Top of Data supplied

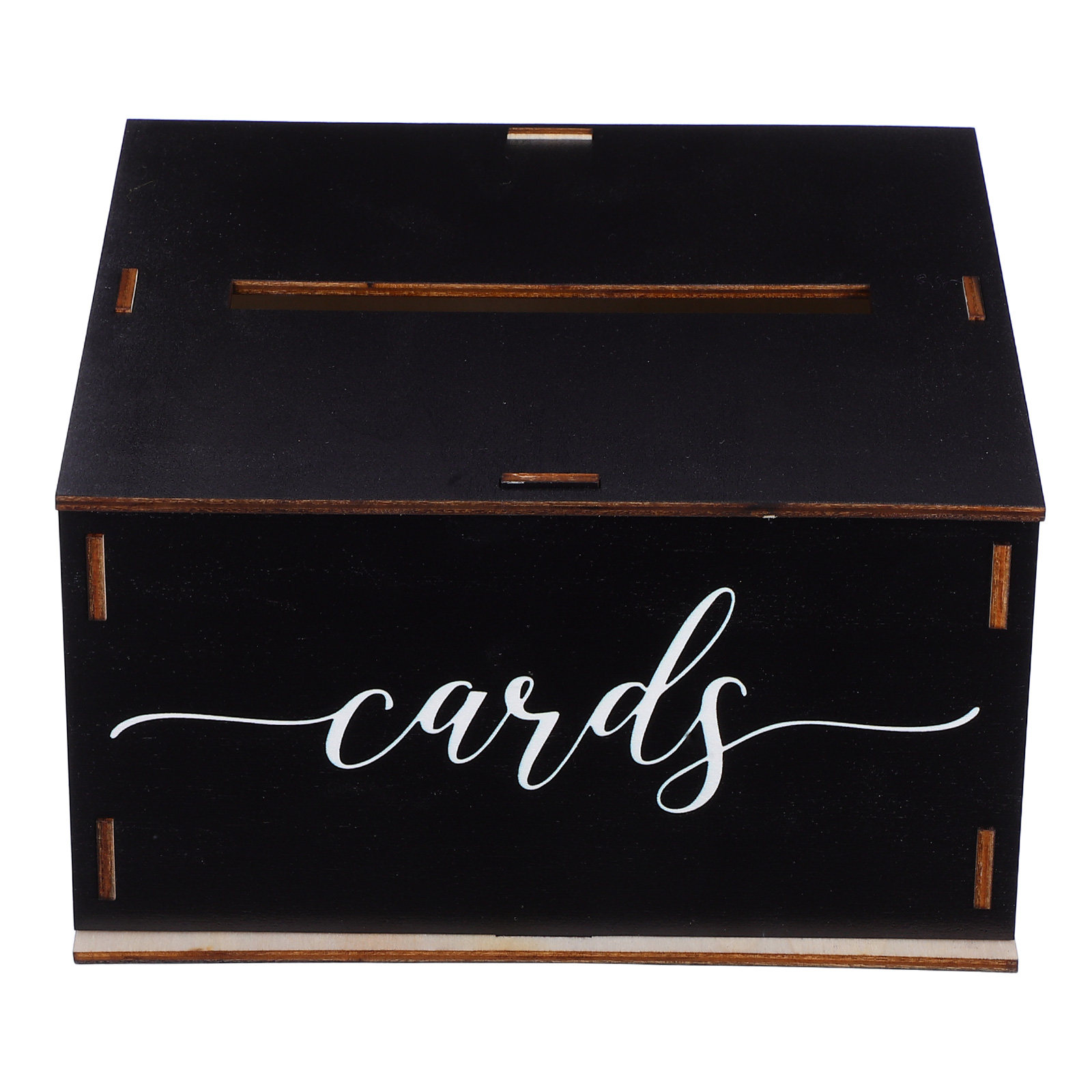 Hölzerne Hochzeitskarten-Box R – Event Party Box Bewertung und Preis
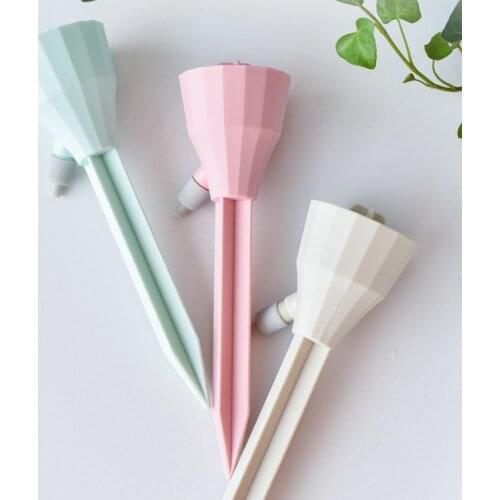 3PCS Auto Drip Irrigation Watering System Dripper Spike Kits Garden Household Plant Flower Automatic Waterer Tool Random Color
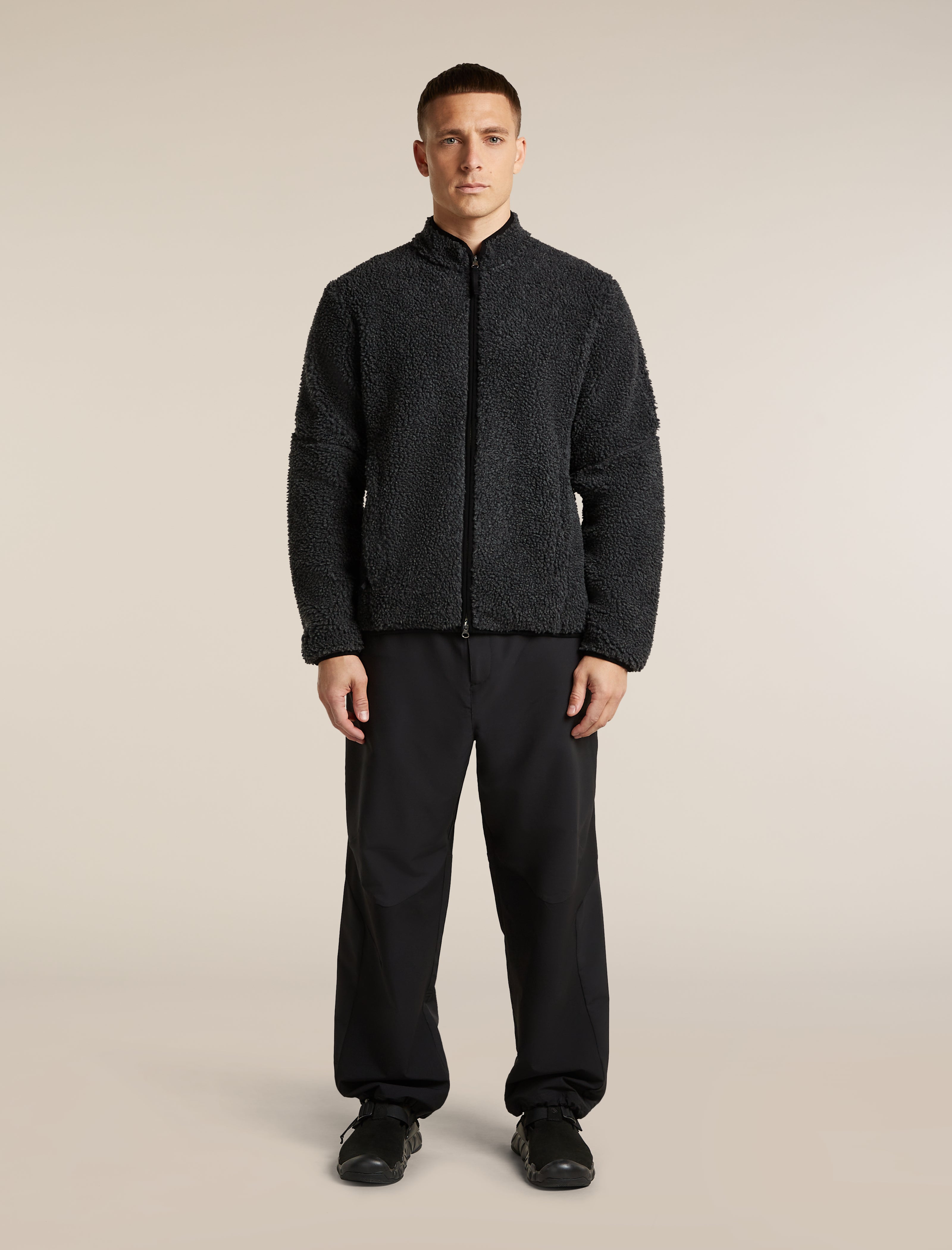 Men's Merino Blend 960 RealFleece™ High Pile Long Sleeve Zip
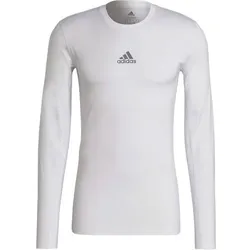 ADIDAS Herren Compression Longsleeve, Größe XXL in Grau Grau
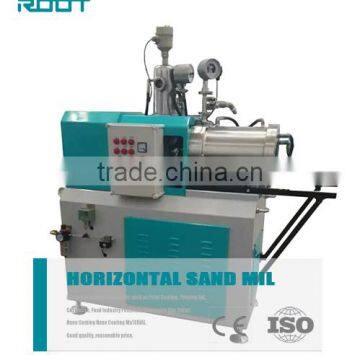 Industrial 10l horizontal bead grinding machine for car paint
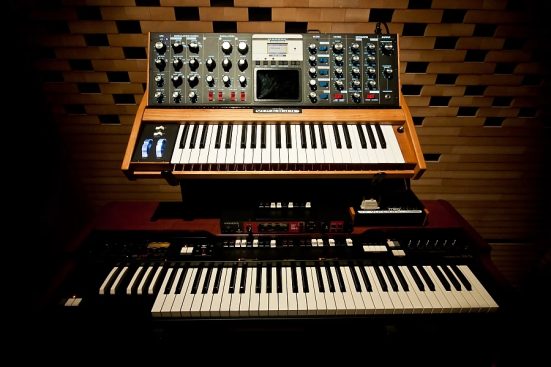 Recording studio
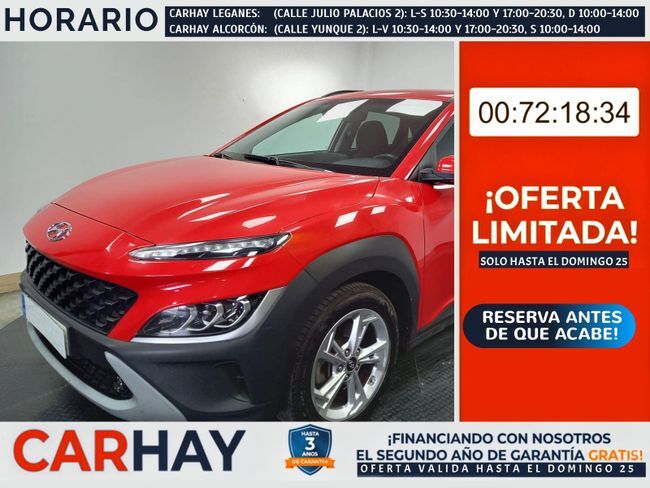 HYUNDAI Kona (1.0T-GDI EDITON 30 120CV) en Madrid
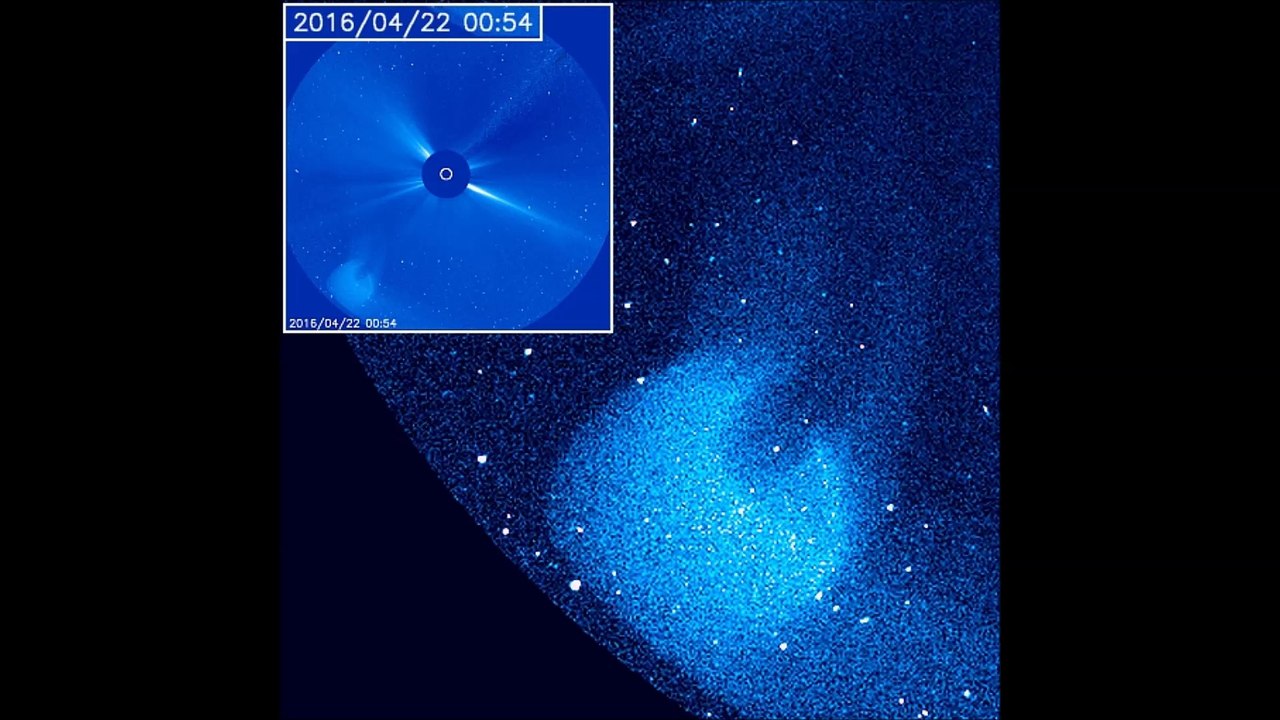 Ovni et Anomalies près du  Soleil,2016.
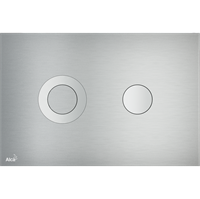 Кнопки смыва AlcaPlast FLAT ALUNOX TURN металл–матовый TURN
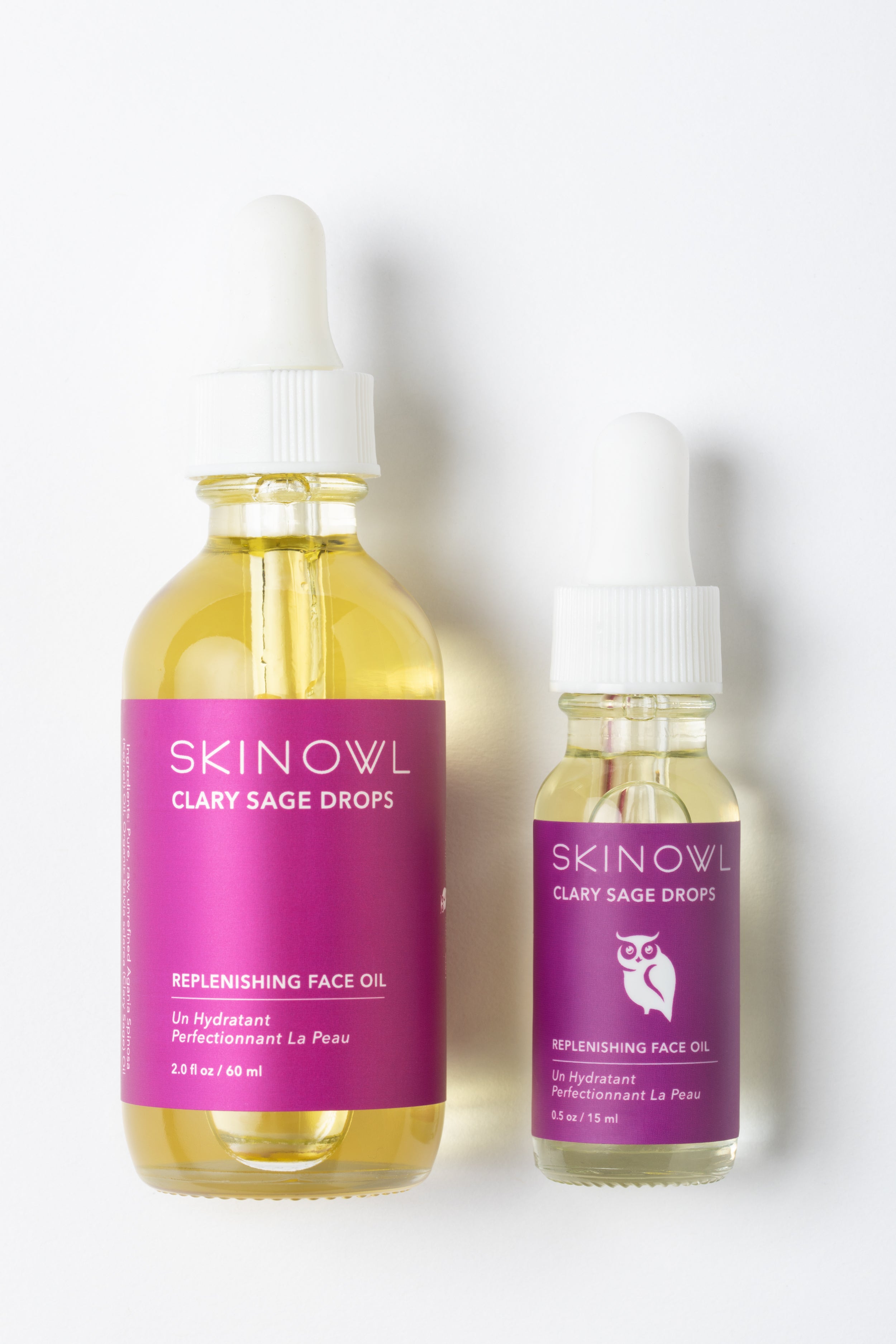 Clary Sage Drops - SkinOwl Vegan Skincare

Bottom of Data supplied

● **What the task requires**: Return every entry above word for word, leaving pictures out.

● **Your solution**:
 Hölzerne Hochzeitskarten-Box R – Event Party Box Bewertung und Preis
 3PCS Auto Drip Irrigation Watering System Dripper Spike Kits Garden Household Plant Flower Automatic Waterer Tool Random Color
 Men's Merino Blend 960 RealFleece™ High Pile Long Sleeve Zip
 ADIDAS Herren Compression Longsleeve, Größe XXL in Grau Grau
 Industrial 10l horizontal bead grinding machine for car paint
 Recording studio
 HYUNDAI Kona (1.0T-GDI EDITON 30 120CV) en Madrid
 Ovni et Anomalies près du  Soleil,2016.
 Кнопки смыва AlcaPlast FLAT ALUNOX TURN металл–матовый TURN
 Clary Sage Drops - SkinOwl Vegan Skincare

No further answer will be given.